Still, according to mainstream economic theory, these trade balance figures say a great deal about the relative strength of America's economy, whether it is waxing or waning, and what its future composition will be. The reason? What a country trades most successfully where it wracks up its biggest surpluses - eventually becomes what it makes most successfully and prolifically. And what it trades least successfully where it wracks up its biggest deficits - eventually becomes what it makes least successfully and prolifically. That, in plain English, is what comparative advantage in all its forms is all about.
The deficits also show that the United States is a country that consumes far more than it produces. Although the economic price for this profligacy has appeared minor so far, anyone expecting the situation to last forever and is blasé about its worsening must believe there really are free lunches after all.
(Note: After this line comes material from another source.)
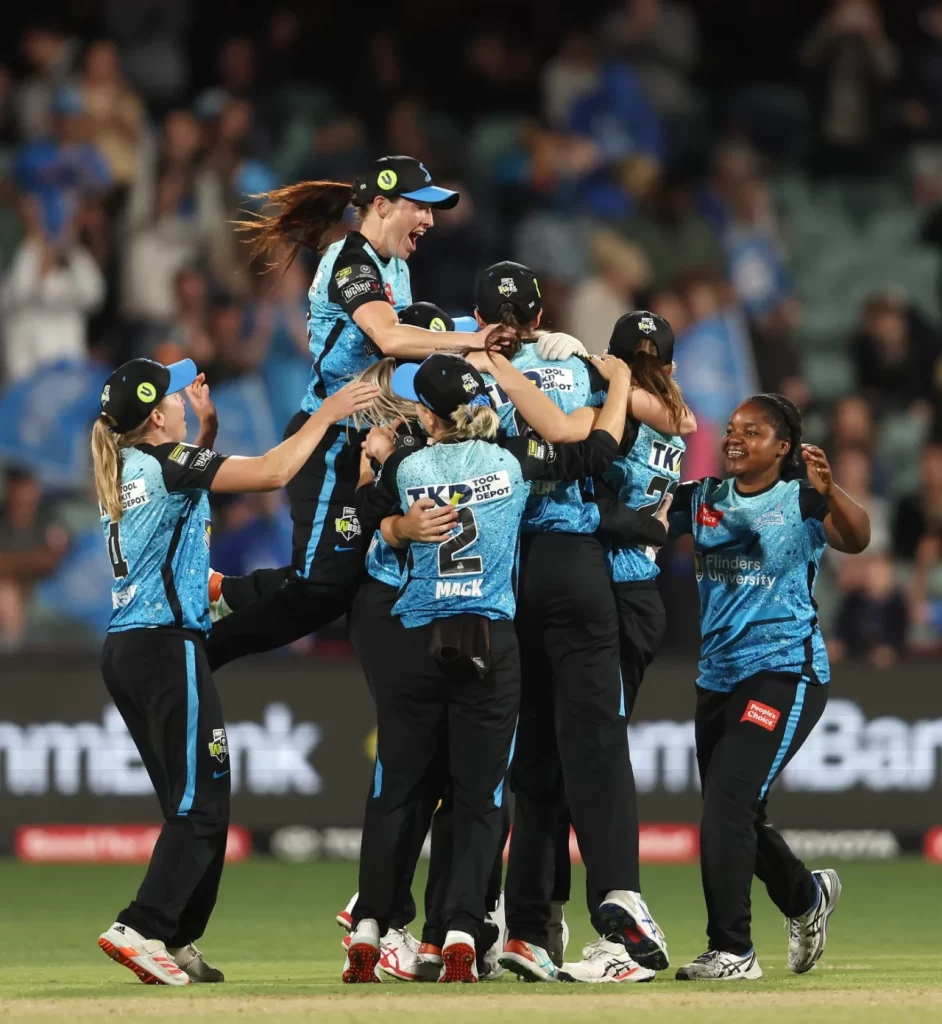 Adelaide Strikers නොකඩවා දෙවැනි වරටත් WBBL කිරුළ දිනයි- Adelaide Strikers win the WBBL title for the second time in a row.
The August, 2004 trade figures released Oct. 14 by the Census Bureau show an overall U.S. deficit in goods and services of $54.04 billion, second all-time only to June´s $55.2 billion. This year´s January-August deficit level, as a result, is more than 19 percent larger than last year´s, meaning that the annual deficit figure is on its way to smashing last year´s $421 billion record total.
Even worse, the U.S. deficits keep soaring despite the soft patch recently encountered in domestic growth, and the gradual continued weakening of the dollar. The first is supposed to keep imports down and the second is supposed to buoy exports, but little of these macroeconomic effects are being felt.
Further, the closer one examines the deficit figures, the worse they look. Remember the rule that what a country trades most successfully it will wind up making most successfully? Well, by this logic, the United States doesn´t have much of a long-term future as a manufacturer. August´s manufacturing deficit was the second highest on record, and this year´s cumulative manufacturing deficit so far is more than 21 percent higher than last year´s January to August record total of $307.45 billion.
And don´t think that the problem is concentrated in so-called dinosaur, smokestack industries which, incidentally, create most of America´s best-paying jobs on average. The $4.5 billion August deficit in advanced technology products set a new record, too.
Of course, many supporters of current U.S. trade policies see no special value in maintaining a world-class domestic manufacturing at all. But the August trade figures should scare them, too. America´s longstanding surplus in tradable services shrank by 19 percent, to $3.2 billion the lowest surplus since the Census Bureau began tracking this trade in 1992. Since 2001, moreover, the January-August service surplus has declined a stunning 27 percent, to $33.07 billion. Still think that we can export our way out of our enormous national trade deficits and resulting debts by speeding up our shift to a service economy? Please!
Even more worrisome, much evidence indicates that the United States is also seeing its competitive edge erode in information technology and professional services the supposed industries of the future, for which displaced manufacturing workers are supposed to reeducate and retrain themselves, and which America´s youth should target during their schooling.
The U.S. surplus in the other private services category, which captures trends in these sectors, did rise from $31.44 billion in the January-August, 2001 period to $33.15 billion in January-August, 2002. Since then, however, the surplus has fallen by 4.4 percent, including a fractional decrease in August, 2004, to $3.96 billion. In August, 2003, the surplus was $4.08 billion 2.94 percent higher.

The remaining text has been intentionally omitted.